= EXERCISE OBJECTIVE =
Of the lines listed below, return exactly those that run from the line containing "rinascente Levi's Heritage" through the line containing "26FW 모모니 자켓", both included.

--- DATA EXCERPTS ---

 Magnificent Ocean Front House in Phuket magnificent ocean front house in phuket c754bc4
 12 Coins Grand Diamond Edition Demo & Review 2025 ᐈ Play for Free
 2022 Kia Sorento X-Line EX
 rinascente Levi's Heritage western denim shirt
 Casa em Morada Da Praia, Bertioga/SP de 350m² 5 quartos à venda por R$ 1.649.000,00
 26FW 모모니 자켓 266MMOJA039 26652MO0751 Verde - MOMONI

---
--- DATA EXCERPTS ---

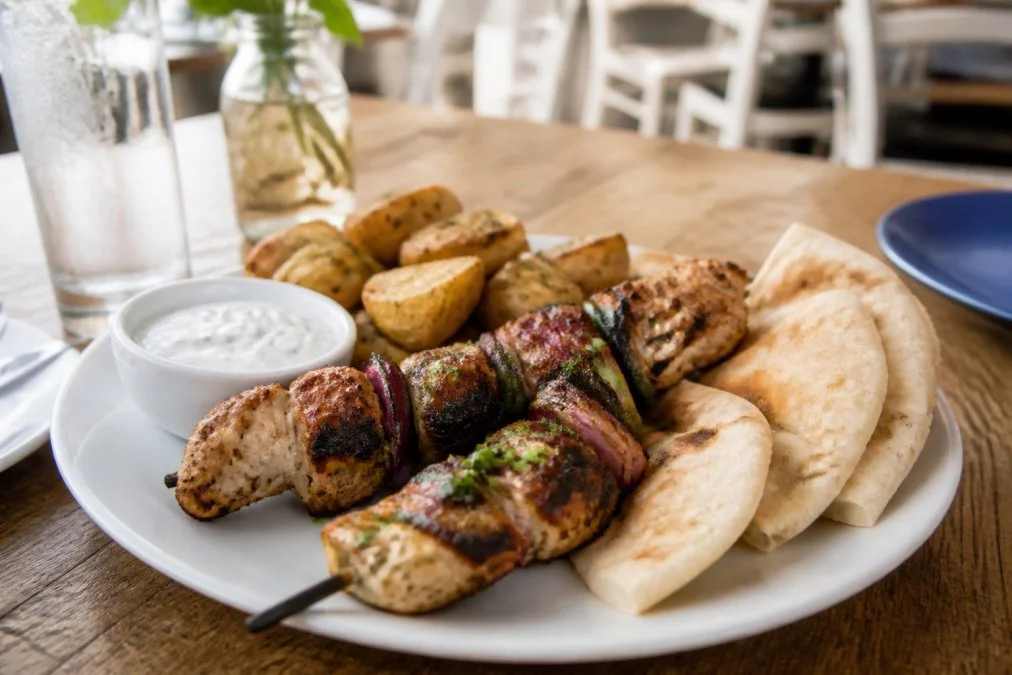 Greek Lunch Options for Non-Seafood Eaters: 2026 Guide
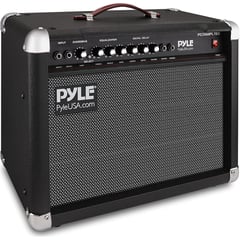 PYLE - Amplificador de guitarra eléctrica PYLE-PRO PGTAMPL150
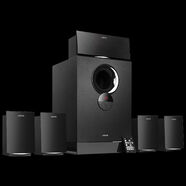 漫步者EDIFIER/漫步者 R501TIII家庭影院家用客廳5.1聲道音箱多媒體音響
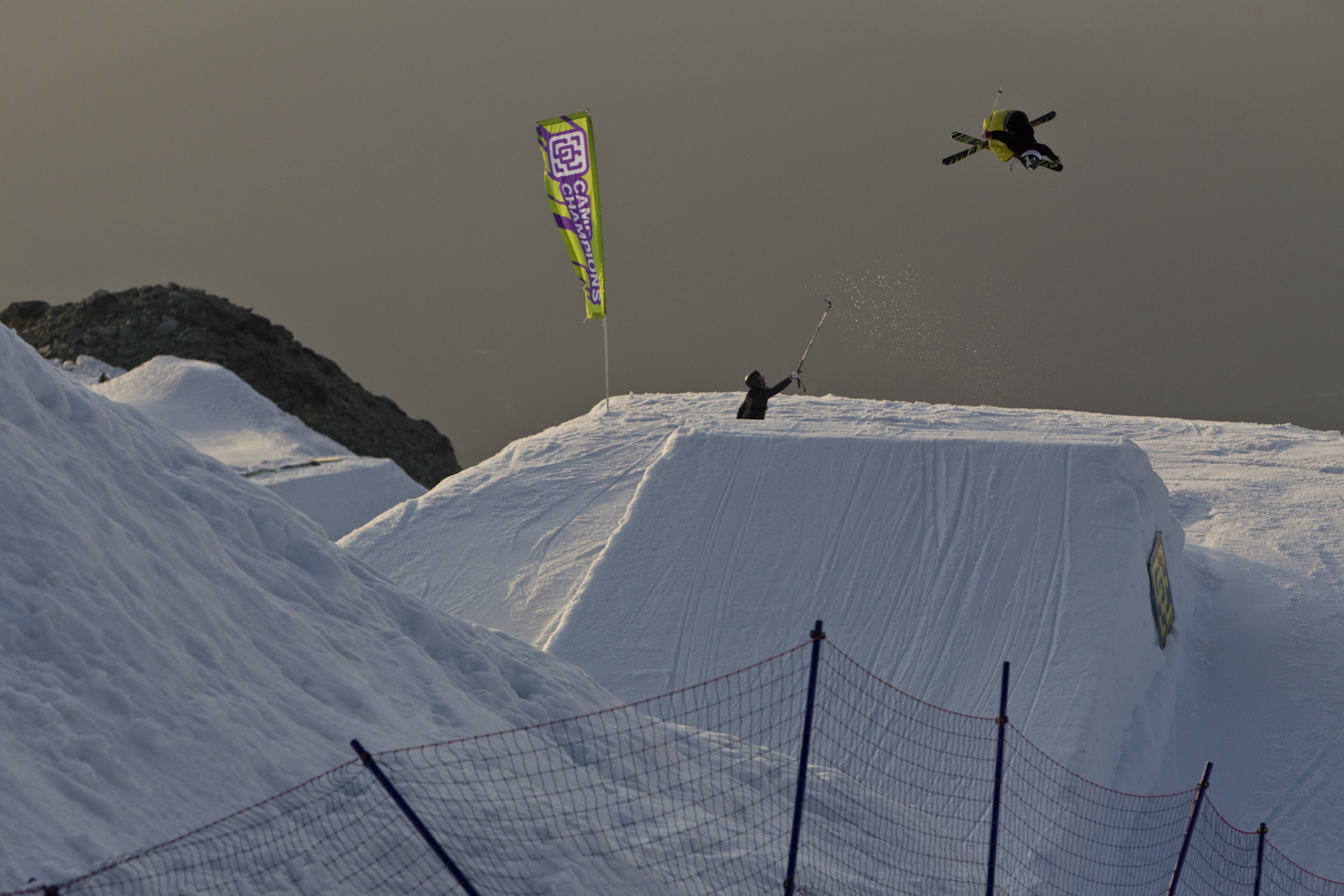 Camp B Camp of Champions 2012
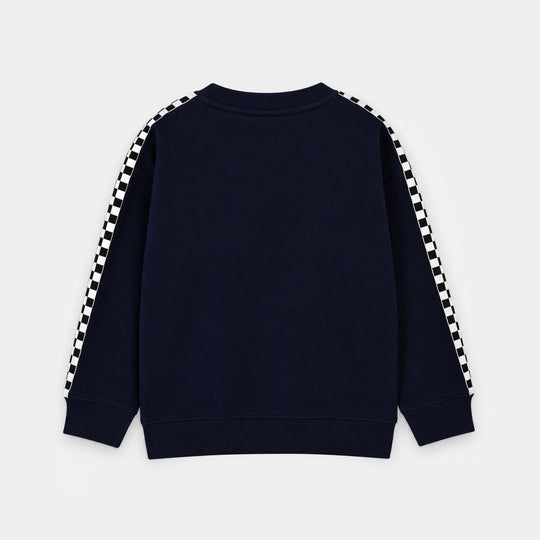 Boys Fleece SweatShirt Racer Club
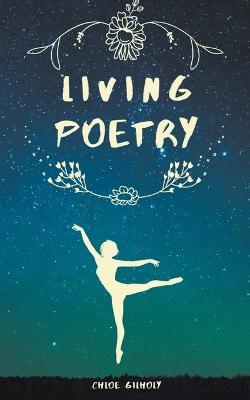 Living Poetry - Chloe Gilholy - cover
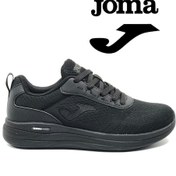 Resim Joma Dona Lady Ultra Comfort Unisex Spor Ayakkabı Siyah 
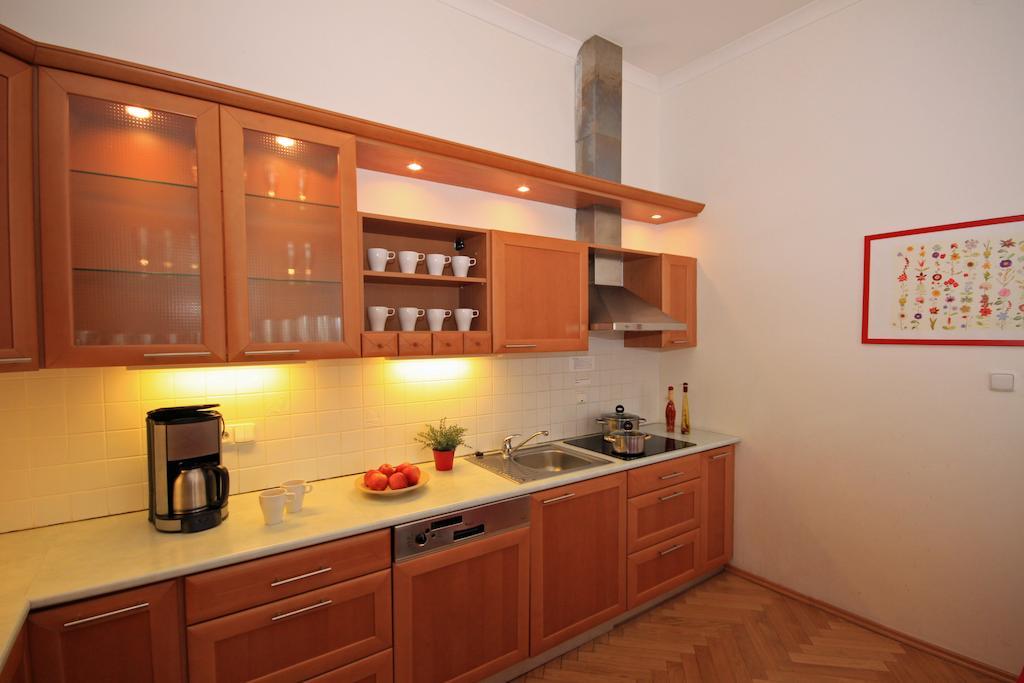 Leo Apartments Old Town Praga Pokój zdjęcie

---
--- DATA EXCERPTS ---

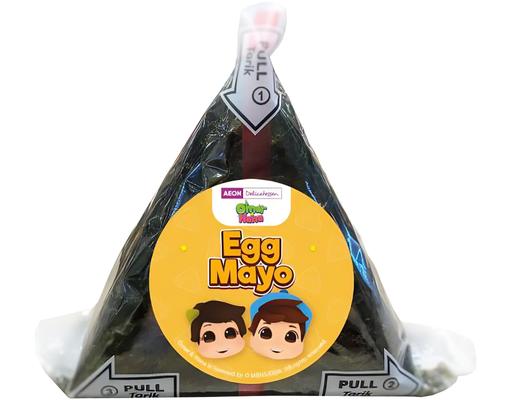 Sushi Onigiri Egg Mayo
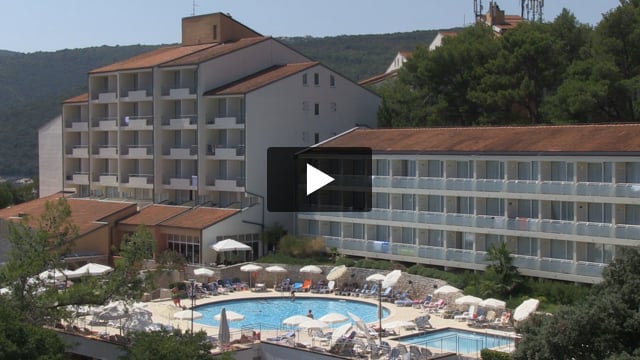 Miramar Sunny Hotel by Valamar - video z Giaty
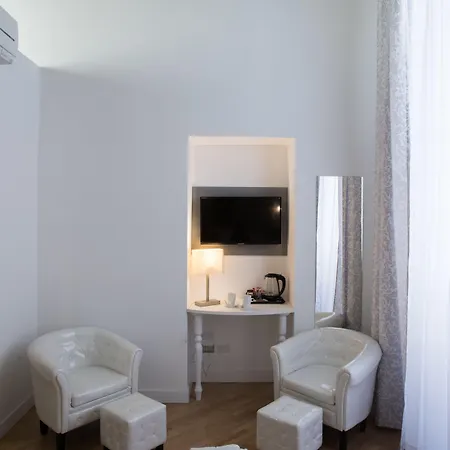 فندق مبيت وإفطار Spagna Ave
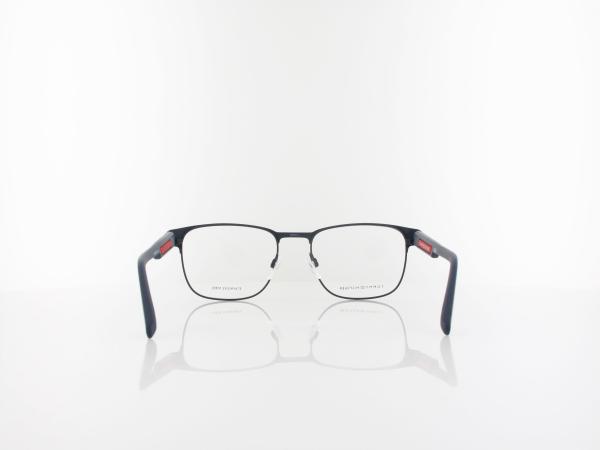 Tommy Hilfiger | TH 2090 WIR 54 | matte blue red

---

= EXERCISE ANSWER =
 rinascente Levi's Heritage western denim shirt
 Casa em Morada Da Praia, Bertioga/SP de 350m² 5 quartos à venda por R$ 1.649.000,00
 26FW 모모니 자켓 266MMOJA039 26652MO0751 Verde - MOMONI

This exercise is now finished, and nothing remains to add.